Citizen Staff Writer



A back nine of thoughts after a week at the Accenture Match Play Championship:

1. Geoff Ogilvy is a quiet assassin.

When Ogilvy broke through for his first PGA Tour win in 2005 – right here at the Chrysler Classic of Tucson – he was still being confused with Joe Ogilvie and wasn’t considered a hot, young player like Kevin Na, who was 21 at the time.

Ogilvy defeated Na and veteran Mark Calcavecchia in a playoff, helping launch a career that is still sneaking up on most of us.

By winning the Match Play championship for a second time – to go along with his 2006 U.S. Open title – Ogilvy, a bit sheepish about how he stacks up to the rest of the golf world, has earned the right to do a bit of bragging.

It’s Tiger Woods, Phil Mickelson, Padraig Harrington . . . and then Ogilvy. That’s what the official rankings now say, even if many less-than-casual fans would have trouble picking him out of a golfing lineup.

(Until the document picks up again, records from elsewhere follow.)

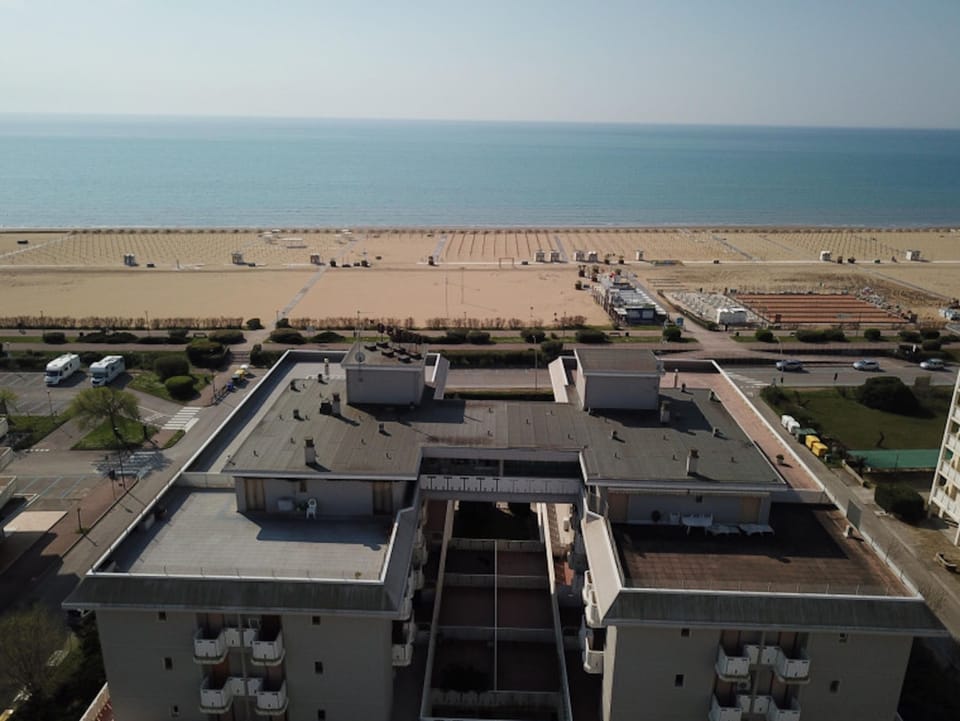 Apartment, 1 Bedroom, Balcony, Ocean View | Aerial view
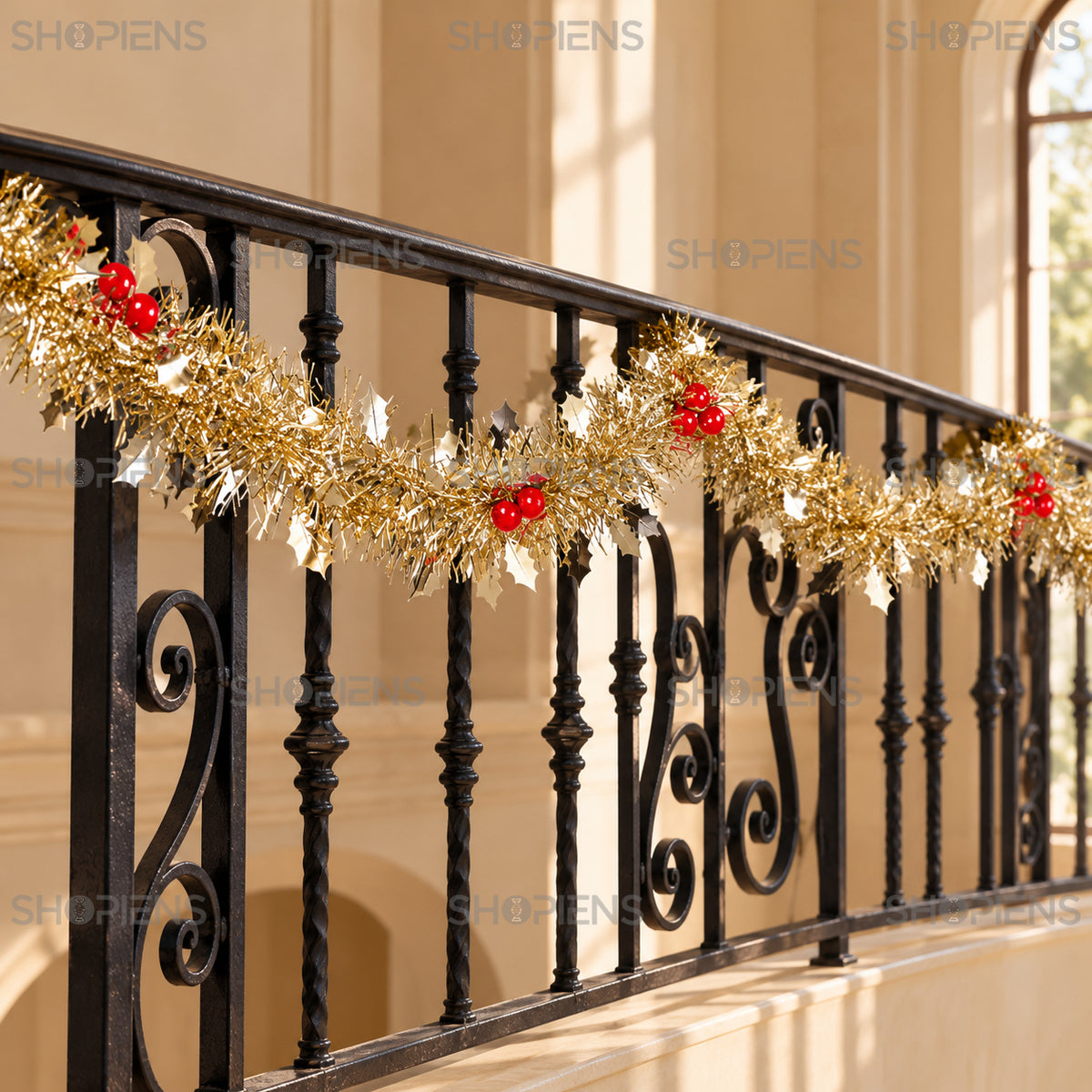 Beteală bej cu frunze și pomușoare roșii, 3 m x 10 cm, în decor interior festiv, decor neinclus | Shopiens®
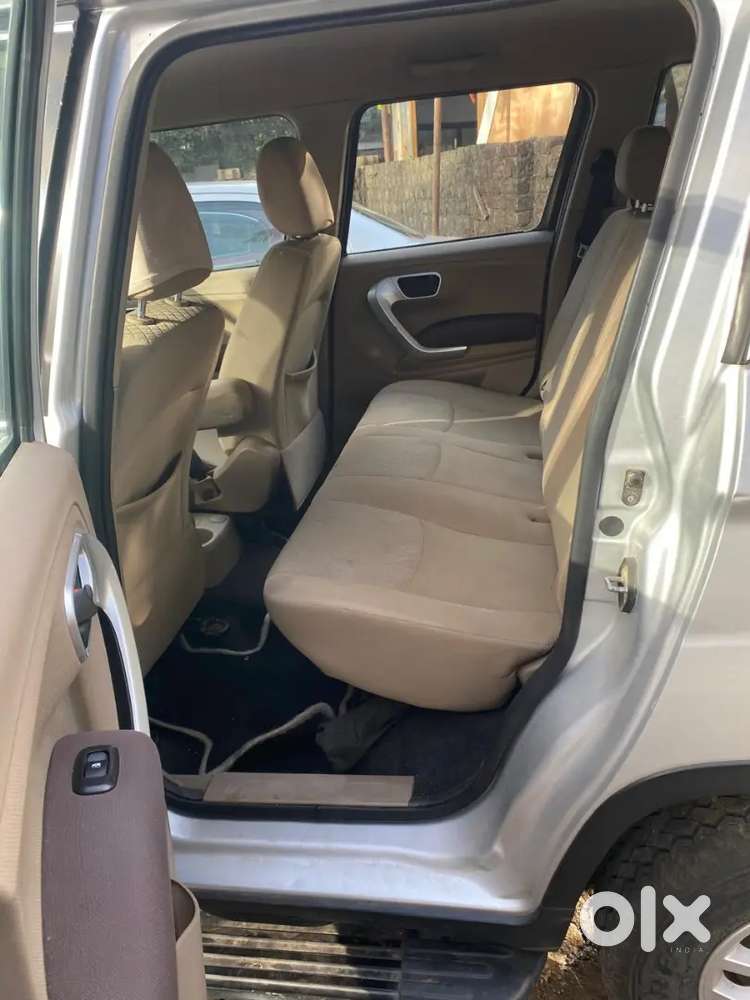 Best Family Mahindra Tuv 300 2019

“Geoff is a quiet guy. Maybe that’s why he doesn’t get the recognition he deserves,” said Paul Casey, who lost to Ogilvy 4 and 3 in Sunday’s final.

“What’s tough about playing Geoff is that he doesn’t change. His demeanor doesn’t waver.”

Ogilvy, a 31-year-old Australian, talked Sunday about how there will never be another Greg Norman in his country, if only because of Norman’s excess of charisma.

“You either have it or you don’t,” Ogilvy said.

Ogilvy might not have it, but he’s got plenty of game.

2. Tiger is fine.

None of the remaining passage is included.